New state budget not good for Wilton
Gov. Dannel Malloy released a revised budget proposal Monday, May 15, that shows no love for towns like Wilton.
In the budget he proposed in February for fiscal year 2018, Wilton would have received $1,571,022 in total state aid. That number was revised downward to $523,337 in the budget released this week.
The numbers for fiscal year 2019 are no better. The original proposed budget had $1,495,758 in state aid for Wilton, which was cut to $448,073.
Wilton is not alone in seeing state aid cut. State aid to or on behalf of local government dropped from $5.019 billion in the governor’s original fiscal year 18 budget to $4.657 billion in his revised fiscal year 18 budget.
It also dropped from $5.024 billion in the originally proposed fiscal year 19 budget to $4.676 billion in the revised fiscal year 19 budget.
The biggest hit came in the area of special education. The governor’s original budget included $431,204, for fiscal years 18 and 19, but his revised budget zeroed out that amount for both years. The town was scheduled to get nothing under the Education Cost Sharing grant in the governor’s original budget and that did not change.
The other big cut came in the Municipal Revenue Sharing Grant, known as MRSF. The town was scheduled to get $547,338 both fiscal years, and that was also cut to zero.
The governor’s budget still includes having towns reimburse the state for the teachers’ retirement fund. For Wilton, that amounts to $3,923,149 in both fiscal years 18 and 19, down slightly from what the governor originally proposed.
Taking into account what the town will receive from the state, such as road aid and Local Capital Improvement (LoCIP) funds, and then applying the pension fund payment, that leaves Wilton in the hole for $3.39 million in fiscal year 18 and $3.47 million in fiscal year 19.
First Selectman Lynne Vanderslice noted the governor’s revised budget included just over $1 million in proposed reductions in aid to Wilton.
“We anticipated additional reductions when developing the FY 2018 budget, as such the shortfall in our budget would be just over $400,000,” she said in an email to The Bulletin on Monday.
“The governor’s budget continues to reflect one-third of the cost of the teacher pension contribution being absorbed by Wilton,” she added. “We did not include that amount in the 2018 budget. The governor and the legislature have a responsibility to work together to address the state’s problems. I hope we will see more effort coming out of Hartford in the next few days and weeks.”
State Rep. Gail Lavielle (R-143) was disappointed, to say the least, in the governor’s latest proposal. She was especially unhappy he has kept the teachers’ pension obligation with the towns.

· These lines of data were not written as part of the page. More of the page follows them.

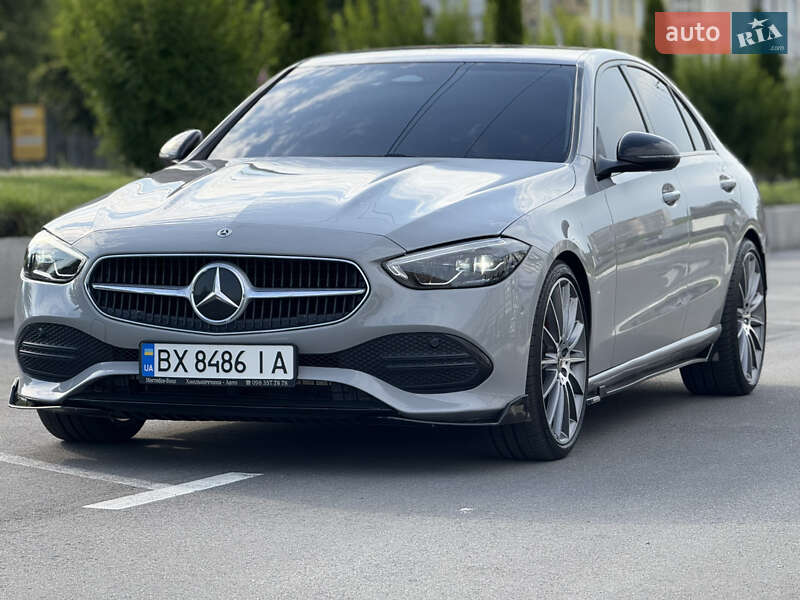 Mercedes-benz C-class (2021)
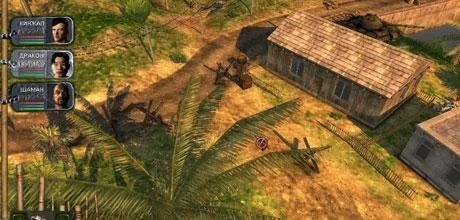 Screen z gry "JAZZ: Hired Guns"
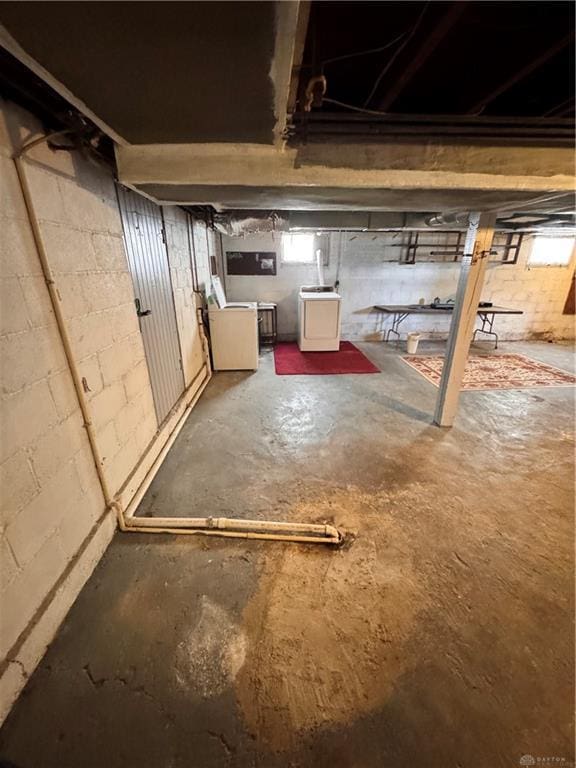 230 New Columbia Blvd, Sidney, OH 45365 - view of basement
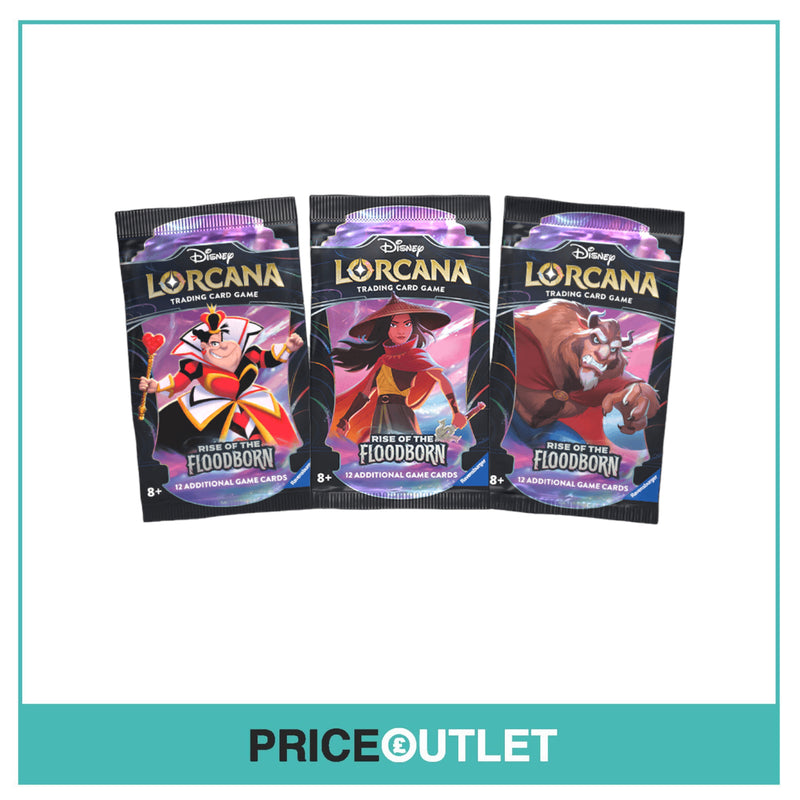 Disney's Lorcana - Rise of the Floodborn Booster Box - BRAND NEW SEALED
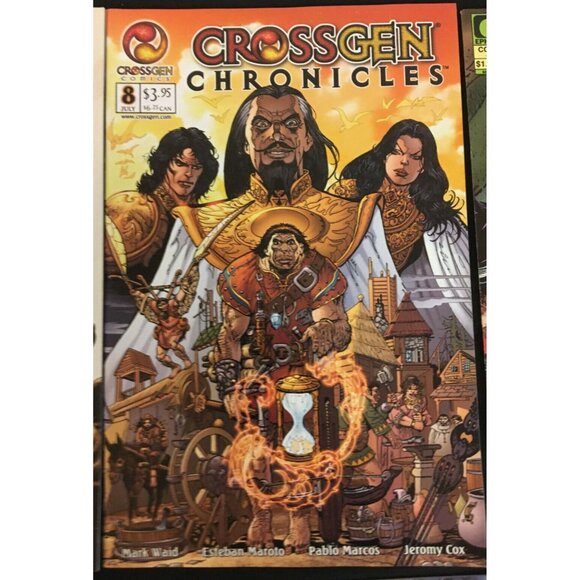 Crossgen Comics Mixed Lot of 10- Sigil, Crux and More Circa 2000-2008 - Picture 3 of 12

“It’s a terrible proposal because the residents of the towns are already taxed by the state to pay for the state’s contributions [to the pension fund],” she told The Bulletin on Monday. “Now the towns are responsible … but those are exactly the same people. This is obliging the towns to raise property taxes and people’s taxes are being raised a whole lot.
“It is disingenuous and misleading and very expensive,” she continued. “If the legislature is to condone this, they will be acting as advocates for the state employees’ union. It’s unacceptable.”
Lavielle added she did not know anyone in the legislature who likes this proposal.
The Republicans, she said, will be releasing their revised proposed budget soon. The party had presented a proposed budget last month that did not raise taxes, but it went “out of balance” when new financial shortfalls were discovered.
The new Republican budget, she said, still will not raise taxes, but relies, as does Malloy’s, on him getting the union concessions he said he would deliver. Those amount to about $700 million in fiscal year 18 and more than $800 million in fiscal year 19. The Republican budget preserves education funding and does not have the pension burden. It does eliminate MRSF aid to towns and cuts many line items.
Lavielle was also unhappy to discover Malloy cut Wilton’s special education funds.
“That’s just horrible,” she said. “That’s the most unpredictable and accelerating cost we have in Wilton.”
A press release from the governor’s office said his updated budget was “designed to maintain the administration’s goals of providing more fiscal stability and predictability for taxpayer, businesses, and local governments, while continuing to bolster the state’s efforts to grow the economy and create jobs.”
Noting lower-than-expected revenue in April, Malloy said, “This session, the best outcome we can achieve for the people of the state is to adopt a responsible, balanced budget that does not rely heavily on new or increased taxes.”